* _Exercise description_: Include no pictures. Output exactly the lines from the one that contains "Hispanic man with" through the final line of the entries.

* _Task data_:
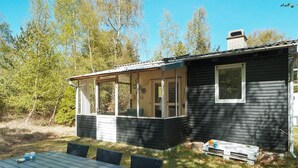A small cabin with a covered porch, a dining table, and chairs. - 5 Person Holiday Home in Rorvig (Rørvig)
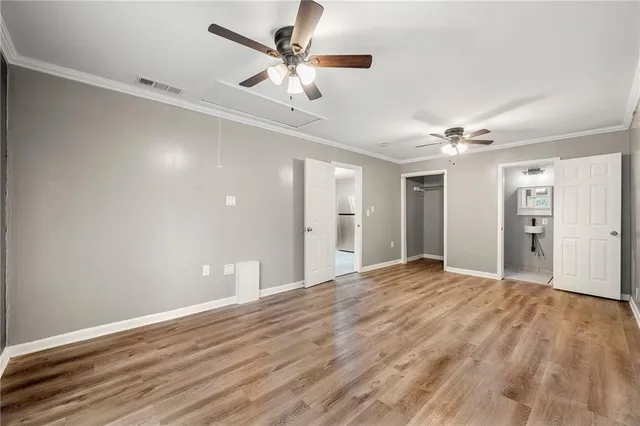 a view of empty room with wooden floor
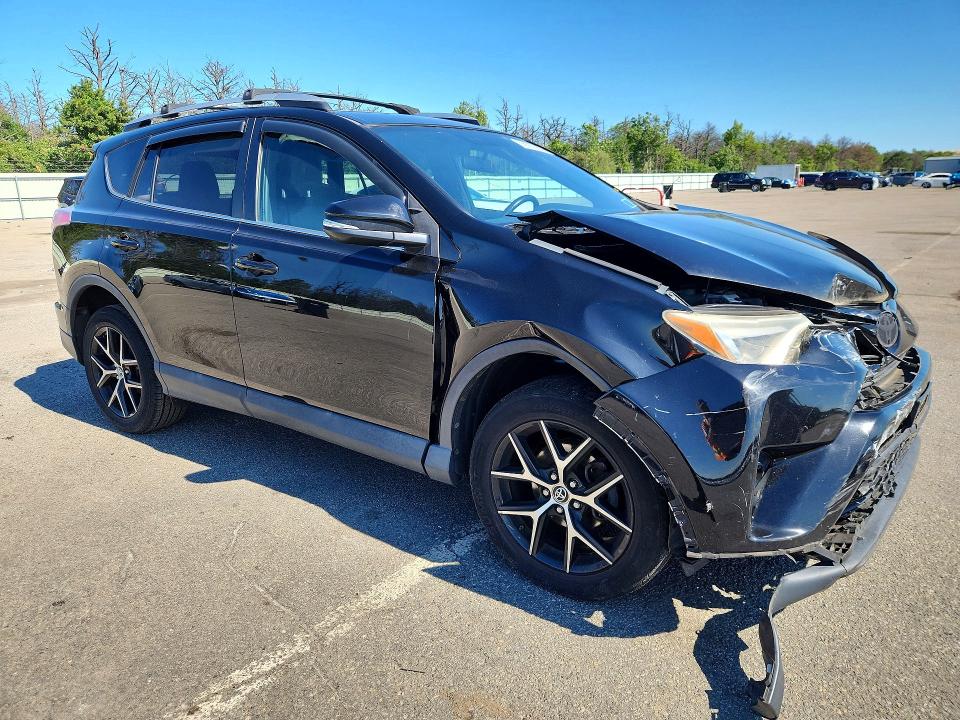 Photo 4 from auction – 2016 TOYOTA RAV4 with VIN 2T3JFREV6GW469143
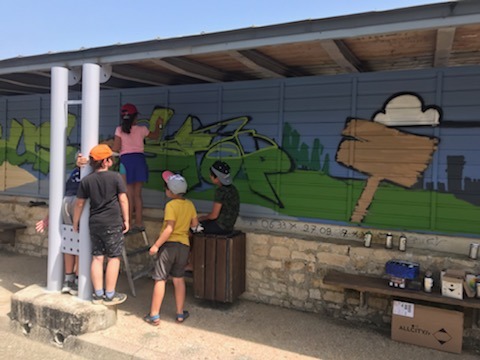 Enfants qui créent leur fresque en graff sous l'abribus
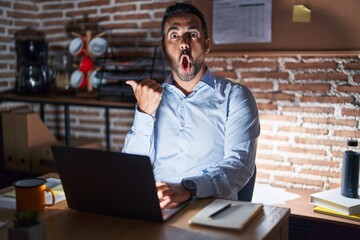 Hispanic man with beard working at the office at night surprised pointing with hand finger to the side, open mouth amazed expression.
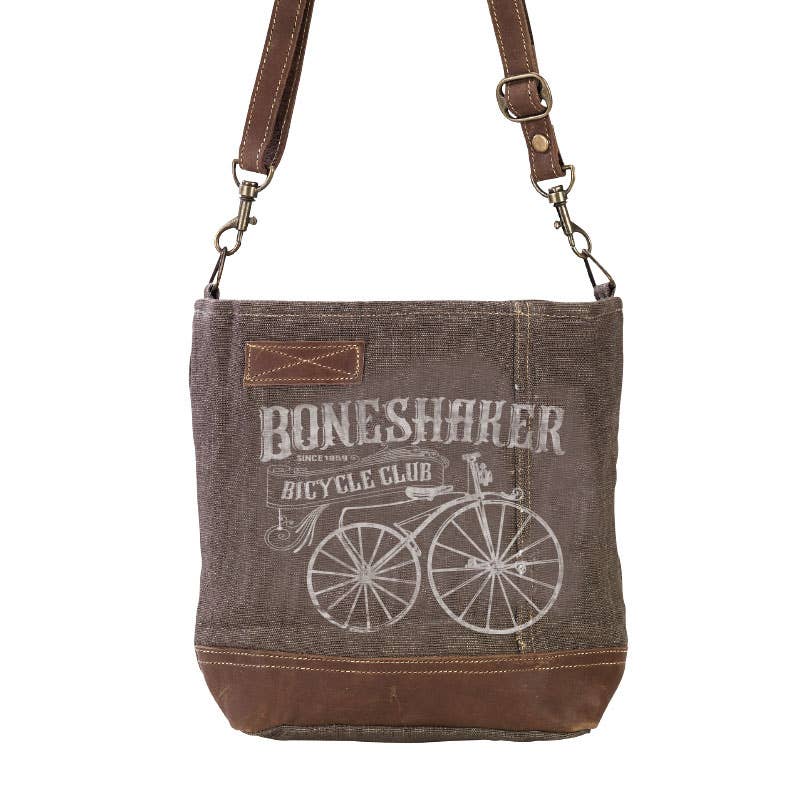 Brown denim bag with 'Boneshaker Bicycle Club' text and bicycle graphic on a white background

* _Response below_:
 Hispanic man with beard working at the office at night surprised pointing with hand finger to the side, open mouth amazed expression.
 Brown denim bag with 'Boneshaker Bicycle Club' text and bicycle graphic on a white background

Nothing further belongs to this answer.